The first term in the square bracket is time independent (constant), the second term is a modulation with the frequency \(\omega _{\mathrm {mod}}\), while the third term consists (after using a mathematical identity) of a constant term plus a component at twice the frequency \(\omega _{\mathrm {mod}}\). Using the lock-in technique, which we introduced in Chap. 6, the amplitude of the term at the frequency \(\omega _{\mathrm {mod}}\) can be selectively measured. This component vanishes if \(V_{\mathrm {contact}} - V_{\mathrm {comp}} = 0\). In the practical implementation, a feedback control of \(V_{\mathrm {comp}}\) keeps the \(\omega _{\mathrm {mod}}\) component of the force at zero. Thus by recording the voltage \(V_{\mathrm {comp}}\), which nulls the \(\omega _{\mathrm {mod}}\) component of the force signal \(\propto \frac{1}{e} \Delta \varPhi - V_{\mathrm {comp}}\), the work function difference is measured locally on the nanoscale while scanning over the surface. Due to the modulation of the voltage \(V\), a modulated force is exerted on the cantilever, which induces a cantilever oscillation at the modulation frequency.

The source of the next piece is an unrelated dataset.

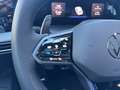 Volkswagen Golf R R Black Edition TSI 4MOTION DSG Noir - thumbnail 20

So far we have left out the complication that in a practical implementation of an SPM setup the tip-sample distance also has to be measured, and to adapt the setpoint value. In dynamic atomic force microscopy this can be done using a (second) modulation of the cantilever close to its resonance frequency (as we discuss in detail in Chap. 14). Thus the cantilever is modulated at two (different) frequencies and two lock-in detection units detect the oscillation amplitudes at the respective modulation frequency.

7 Summary

• The definition of the work function as the difference between the vacuum level and the Fermi level, includes also a surface contribution to the work function.

• Due to a “spill out” of charge to the vacuum, a charge dipole occurs at the surface. A certain amount of work has to be done to move an electron through this dipole layer. This is the surface contribution to the work function.

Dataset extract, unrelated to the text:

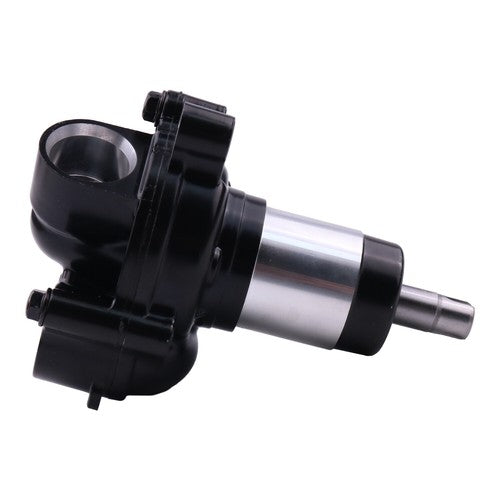 DURAFORCE Water Pump 49044-1086 490441086 for Kawasaki Ninja 250R 1986-2012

• Also a net charge can accumulate at the surface giving rise to a contact potential between metals with different work functions. The contact potential is the difference between the work functions.

• The contact potential can be measured using the Kelvin method by modulating the distance between the surfaces of the metals and measuring the induced capacitive current.

• In Kelvin probe scanning force microscopy (KFM) the work function can be measured locally by modulating the tip-sample voltage.